What to produce: Return all of the data exactly as given.

Raw data:
* * *

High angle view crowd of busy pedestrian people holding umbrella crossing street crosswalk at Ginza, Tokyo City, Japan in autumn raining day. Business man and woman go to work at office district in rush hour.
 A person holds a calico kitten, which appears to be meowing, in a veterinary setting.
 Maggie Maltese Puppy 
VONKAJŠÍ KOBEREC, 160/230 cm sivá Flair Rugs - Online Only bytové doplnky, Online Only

* * *

Response to the task:
High angle view crowd of busy pedestrian people holding umbrella crossing street crosswalk at Ginza, Tokyo City, Japan in autumn raining day. Business man and woman go to work at office district in rush hour.
 A person holds a calico kitten, which appears to be meowing, in a veterinary setting.
 Maggie Maltese Puppy 
VONKAJŠÍ KOBEREC, 160/230 cm sivá Flair Rugs - Online Only bytové doplnky, Online Only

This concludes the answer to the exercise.